2 Bewertungen

Tag und Nacht

Männer sind Schweine?

Gleich zu Beginn räkelt sich eine Schönheit namens Elena ohne überflüssige Kleidung vor der Kamera eines Mannes, welcher Anweisungen gibt: „Gimme Your Tits! Show Me Your Fucking Legs!“ Die folgende Frage nach ihren Lieblingsblumen weiß Elena wegen Verständnisschwierigkeiten nicht zu beantworten, doch wenigstens hat sie eine Aufenthaltsgenehmigung, eh wichtiger.

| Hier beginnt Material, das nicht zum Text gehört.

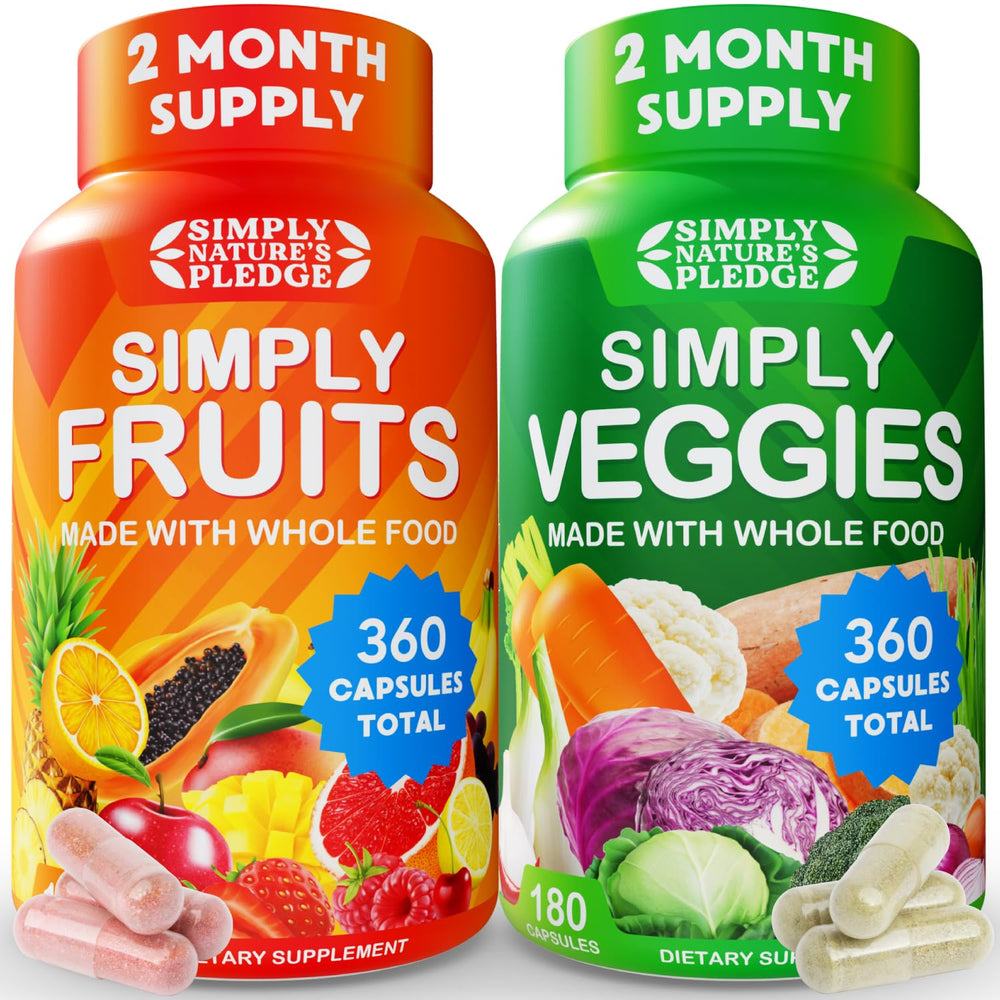Simply Nature's Pledge bottle with label promoting a 42-fruit blend for daily nutrition.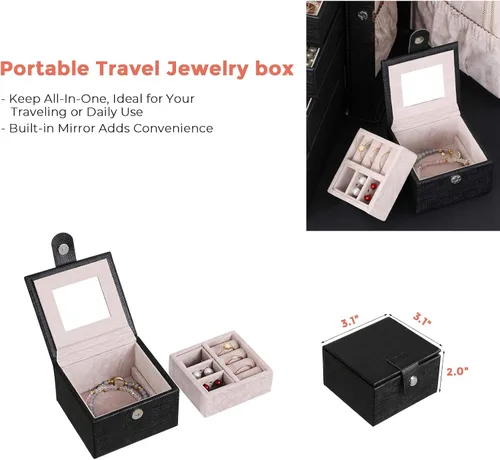 Vista 5 de ANWBROAD Caja de joyería grande de 6 niveles, organizador de joyas con cerradura de espejo, caja de joyería para niñas, aretes, anillos, collares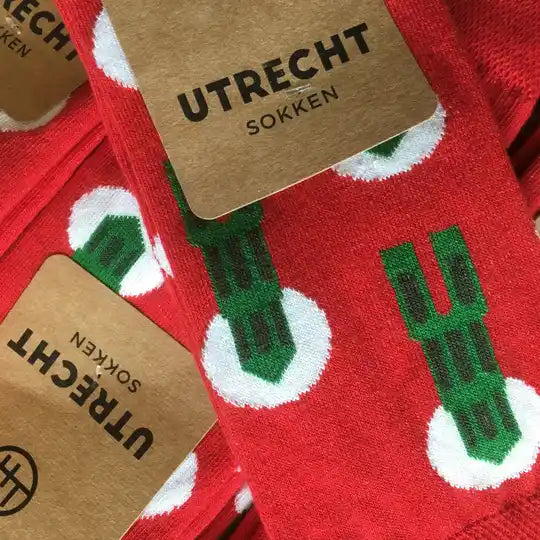 Sokken met domtorendesign in het groen en rood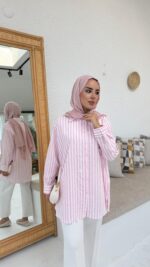 Firuz Çizgi Gömlek - Pembe - Görsel 6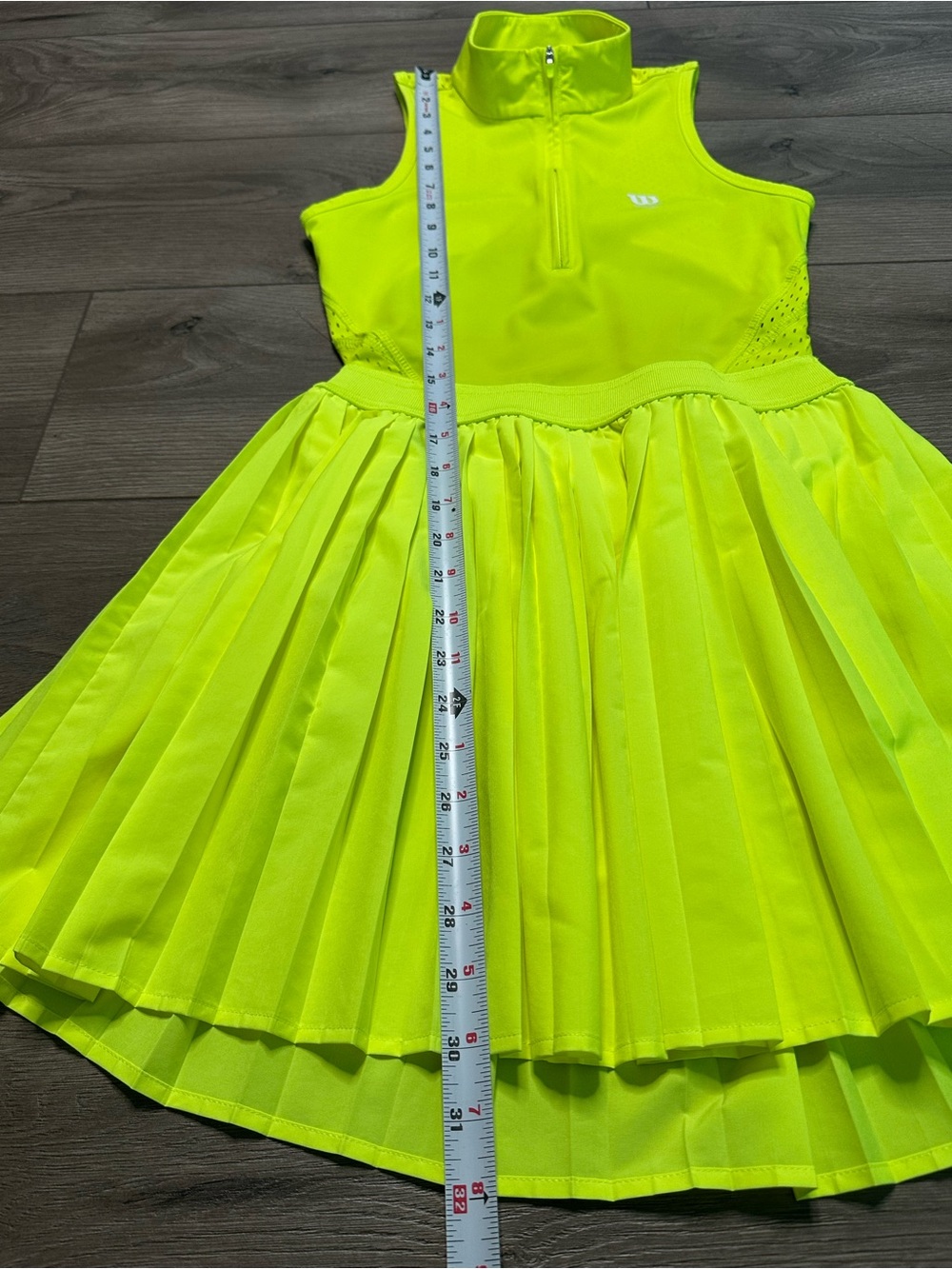 Wilson Winning Pleated 1/2 Zip Mock Neck Tennis Mini Dress Neon Yellow Size XS - Picture 9 of 9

So kurz skizziert ist das Milieu, in welches Lea und Hanna stolpern, um Geld zu verdienen, zum Beispiel ihr Studium zu finanzieren. Aber man ahnt: Ein Zuckerschlecken wird der Nebenjob als Escort-Dame nicht. Und richtig – was noch einigermaßen leger beginnt, stellt bald die jahrelange Freundschaft und beider Seelen auf den Prüfstand. Daß sich Regisseurin und Co-Autorin Sabine Derflinger beim Erzählen dessen kaum für die Motive der Kunden (Einsamkeit? Unterdrückte Lust? Pure Geilheit?) interessiert, scheint zwar etwas befremdlich, bleibt aber ihr gutes Recht. Dennoch hätte sie es sich verkneifen können, hier nur Archetypen dessen abzubilden, was man sich landläufig vorstellt: Die Palette reicht vom älteren Herrn in Strapsen und BH über einen fremdfickenden Familienvater bis zum ordnungsfanatischen Masochisten, der unter Beschimpfungen am „Lumpi“ gezupft werden will. Unsympathen allerorten, eine Art Anti-PRETTY WOMAN-Betrachtung, indes ebenso klischiert, nur andersrum. Im Klimax steht folgerichtig – wen wundert’s ernsthaft – dann eben eine Vergewaltigung.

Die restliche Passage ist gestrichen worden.